The starting point for everyone—the only secure foothold anyone had—was the poems, which were mined for clues to Homer’s life and circumstances. Places and dialects could be used to indicate the extent of Homer’s travels. Poetic characters were roped into his curriculum vitae and made to embody teachers, mentors, relatives, lovers, or thinly disguised self-portraits (Helen’s tapestry from Iliad book three is called “a striking emblem of Homer’s own poetry”; Demodocus, the blind Phaeacian singer from the Odyssey, is said to be a “self-portrait” by Homer; Odysseus’s penchant for tall tales and downright lies and his polymathy are frequently assimilated to Homer’s qualities as a poet or sage). Out of this same speculative urge arose a further subgenre of literary phantasms that imagined poets not only as once living and eventually dead but also as ghostly revenants who rose from the dead and made themselves available for visions and conversations in their afterlife. Homer took pride of place here too. Finally, there was another line of speculation that sought to understand who Homer was based on what he said in his poems—namely, the tendency to imagine different racial and ethnic identities for him, all of this depending on the time, place, and mood of the interested party. In such cases, Homer’s credentials as an ethnic Greek were stretched to an uncomfortable limit.

Portrait of the poet Homer, Flemish, 1639.

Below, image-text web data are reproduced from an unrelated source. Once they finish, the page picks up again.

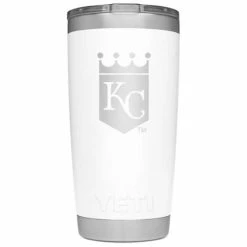 Cheap ⌛ MLB Tumblers & Travel Mugs YETI Kansas City Royals 20oz. Rambler Tumbler 🔔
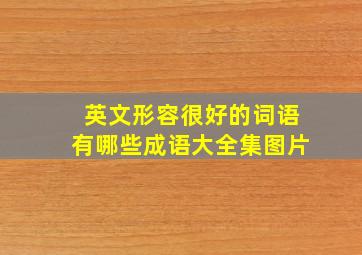 英文形容很好的词语有哪些成语大全集图片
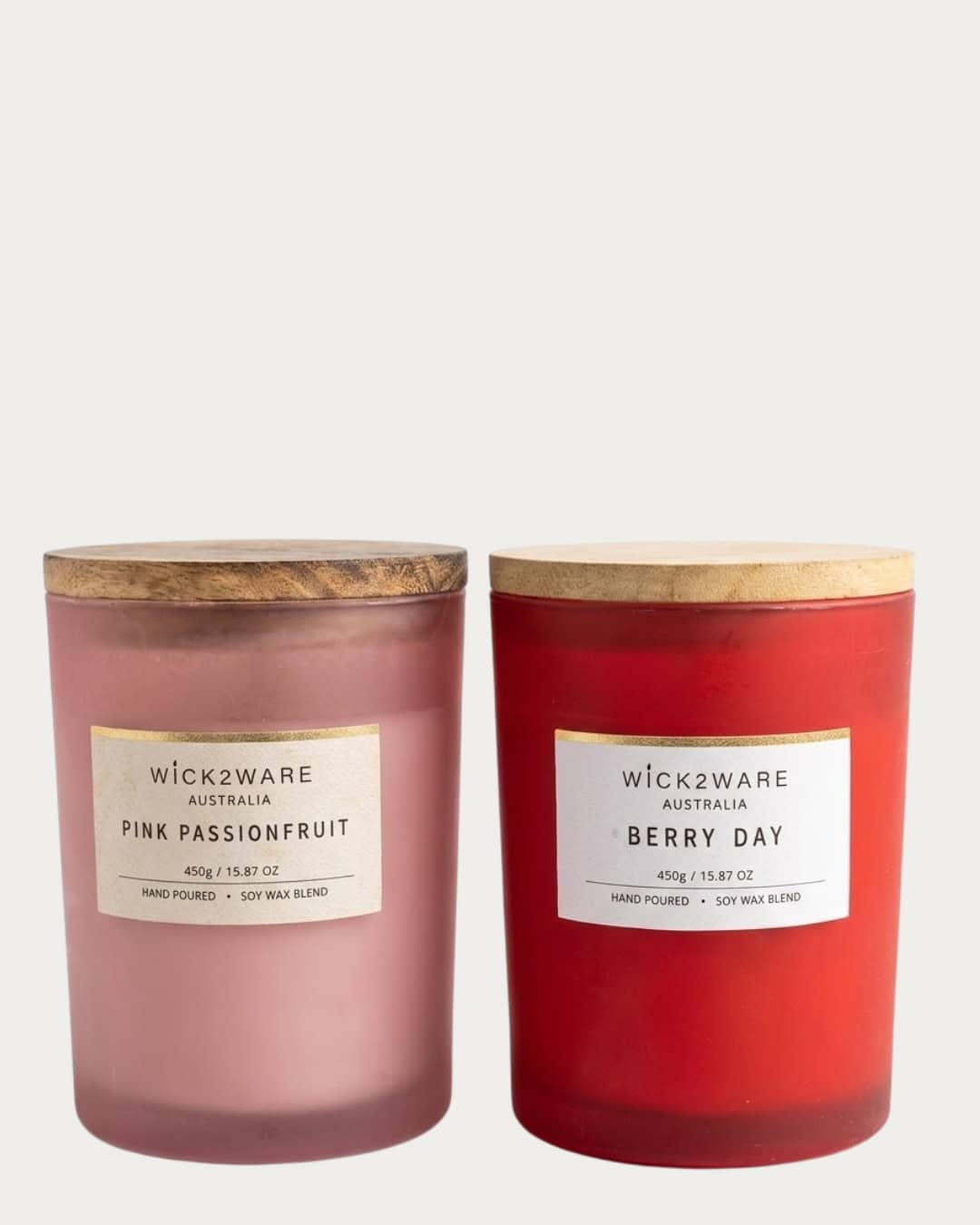 Wick 2 Ware 450g Candle (Pineapple Papaya/Ocean Seasalt/Pink Passionfruit/Berryday) - Image 2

The lore that accumulated around Homer was prolific. No other poet had so many lives, or Lives. (Some ten or so of these have survived, depending on how they are counted. Many more must have existed.) Homer was born of a river god and a nymph. He had up to six different fathers, one of whom was Odysseus’ son, Telemachus, another being “a teacher named Phemius” (Odysseus’ court bard), who, it was said, hailed from Smyrna and took on the role of a stepfather. He had as many mothers as he had fathers, one candidate being Polycaste, the daughter of Nestor (the Greek warrior and elder statesman who figures prominently in both epics). He was born in at least seven places (this was the official number; the number grew as the traditions did) and was imagined to have lived either at the time of the Trojan War or as many as four centuries afterward. According to one later source, he fell madly in love with Penelope, moved to Ithaca, and gave her a starring role that rivaled that of her husband. According to another, Homer was the younger cousin of his own sometime rival, Hesiod. When all other evidence gave out, there was always Homer’s name (Homēros), which could serve as a clue to his identity and fate: homēros (a noun) was variously understood to mean “hostage,” “bondsman,” “guide,” “fellow traveler,” “blind person,” or “the one-who-does-not-see” (ho mē horōn), depending on the dialect and the claimants.

One source uniquely suggests that Homer derives from his father’s name, Omyres. (The name occurs nowhere else and has no obvious sense.) Modern and contemporary philologists have come up with speculations of their own that are no less inventive or fanciful, for example deriving Homer from the verb homērein, “he who fits [sounds/voices/verses/songs] together in unison” or “in tune.”

In any event, Homer was no more than a nickname given to him by others and an afterthought. His original name was said to be Meles, Melesigenes, Melesagoras, or Melesianax, usually in honor of his father, the river god Meles in Smyrna, near the coast of Asia Minor, but otherwise, in a minority of cases, as a remembrance of his place of birth “by the river Meles”—a far less illustrious pedigree, as it deprived him of divine ancestry. Either way, the tradition knew that something was afoot here. Homer’s name was clearly not his own.

The reasons for the name change were mired in controversy and in even greater obscurity. Behind the shuffle from myth to wearisome rationalization without consensus was a fact that needed to be explained. Settling on one or another of Homer’s names as his “actual” name, or arguing for the meaning of any individual name, misses the point and distracts from the nub of the issue, which is contained in the mere fact of the name change itself. Inexplicable in its own terms, what the change tells us is that Homer had no proper name, indeed no proper identity, and the tradition knew this to be the case. Not even Homer knew who he was.